The detailed procedures for each piece already live elsewhere in this repo. This document explains why they get used together, and fills in the data-layer gap that didn't exist before.
Table of Contents
- Why Zonal Operations
- Traffic Layer: Target Group + TargetGroupBinding + Weight Shifting
- Upgrades: Why In-Place + Native Rollback Became the Default
- Data Layer: Pinning the Read Path to a Zone
- Recommended Combination Summary
Why Zonal Operations
A multi-AZ single cluster and a fleet of one cluster per AZ (zonal/single-zone) trade off differently.
| Aspect | Multi-AZ single cluster | Zonal (single-zone) clusters |
|---|---|---|
| Failure isolation | An AZ failure affects part of the cluster | An AZ failure only affects that zonal cluster; the rest are unaffected |
| Cross-AZ cost | Pod-to-pod traffic crosses AZ boundaries ($0.01/GB) | Same-AZ traffic only, no inter-AZ transfer cost |
| Upgrades | Rolling update, the whole cluster moves version at once | Zone-by-zone sequential upgrade, other zones stay on the previous version |
| Operational complexity | One cluster to manage | N clusters plus a traffic-routing layer to keep in sync |
AWS ships this exact pattern as the Cell-Based Architecture for Amazon EKS Guidance.

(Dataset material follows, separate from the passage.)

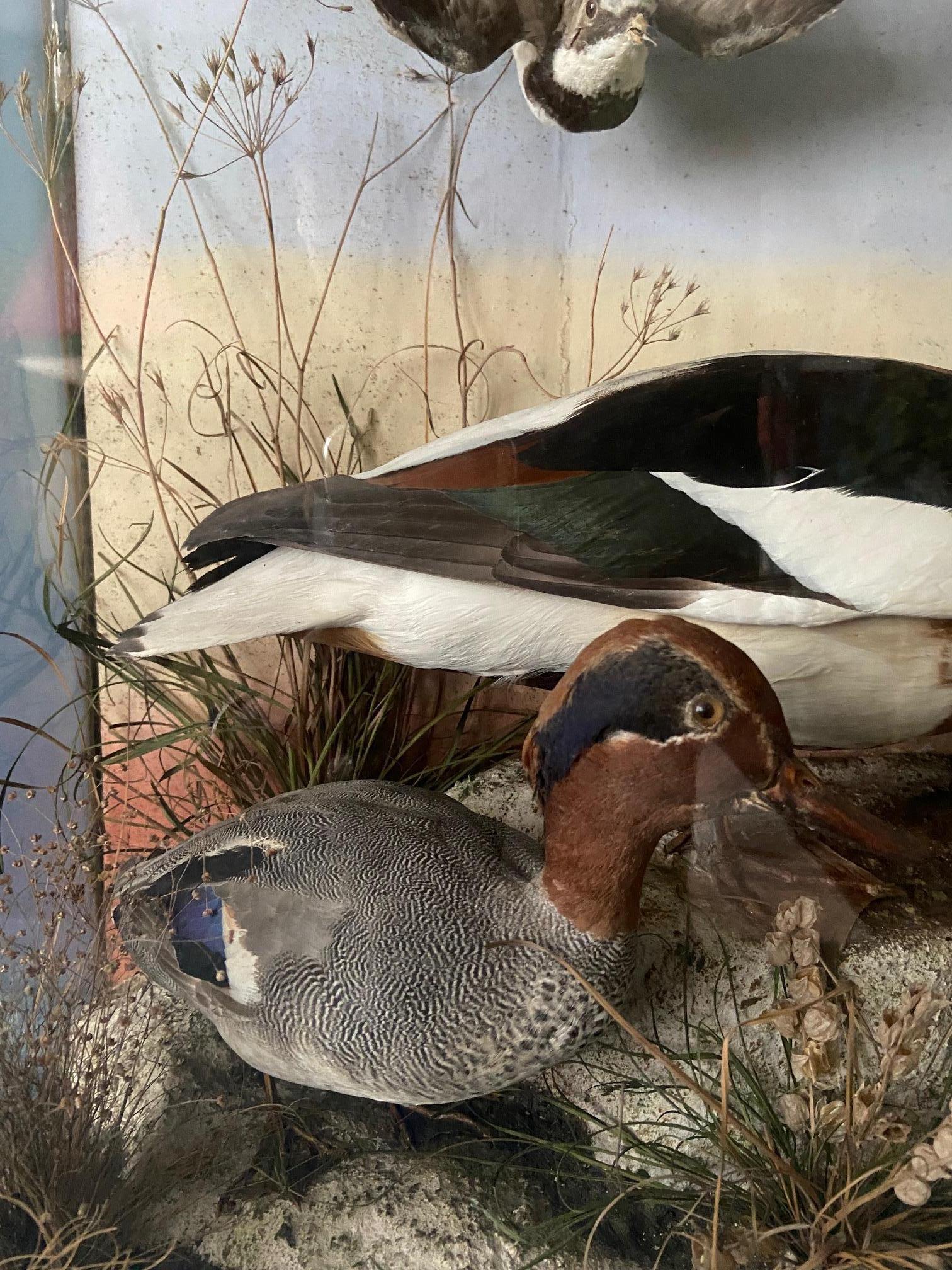 duck diorama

Here, one zonal cluster is a "cell," and a group of cells within a Region is a "supercell." A routing layer in front of the cells (Route 53 weighted routing plus Application Recovery Controller) handles failover, and an ALB inside each cell distributes traffic within it. The key property: traffic never crosses a cell boundary, so there is no inter-AZ data transfer cost to begin with.
Zonal/blue-green architecture itself is already covered in ops/02-infrastructure-advanced.md, and the maturity-model view of Multi-AZ/Cell-Based Architecture is in eks/10-eks-resiliency.md. This guide wires traffic shifting, upgrades, and data reads together into one operational loop on top of that.

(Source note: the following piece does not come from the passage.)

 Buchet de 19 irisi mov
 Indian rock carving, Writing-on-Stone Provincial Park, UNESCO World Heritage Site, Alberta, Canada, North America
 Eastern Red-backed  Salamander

Traffic Layer: Target Group + TargetGroupBinding + Weight Shifting

The standard pattern for moving traffic across multiple zonal clusters:
- Create the NLB/ALB and Target Groups outside the cluster with IaC such as Terraform (so the load balancer survives even if a cluster is replaced).
- Bind each zonal cluster's Service to its Target Group with the
TargetGroupBindingCRD. - Move traffic between clusters by adjusting Target Group weight on the load balancer, without touching anything inside the clusters.
apiVersion: elbv2.k8s.aws/v1beta1
kind: TargetGroupBinding
metadata:
name: zone-a-tgb
namespace: production
spec:
targetGroupARN: arn:aws:elasticloadbalancing:ap-northeast-2:ACCOUNT:targetgroup/zone-a-tg/xxxxxxxxxxxx
serviceRef:
name: app-service
port: 80
targetType: ip# Adjust weight between target groups in the ALB listener's forward action
aws elbv2 modify-listener \
--listener-arn "$LISTENER_ARN" \
--default-actions '[{
"Type": "forward",
"ForwardConfig": {
"TargetGroups": [
{"TargetGroupArn": "'"$ZONE_A_TG_ARN"'", "Weight": 20},
{"TargetGroupArn": "'"$ZONE_C_TG_ARN"'", "Weight": 80}
]
}
}]'TargetGroupBinding's basic/advanced/multi-port configuration is covered in networking/03-aws-lb-controller.md, and the full Terraform setup for NLB weighted target groups plus Route 53 weighted routing is in ops/02-infrastructure-advanced.md.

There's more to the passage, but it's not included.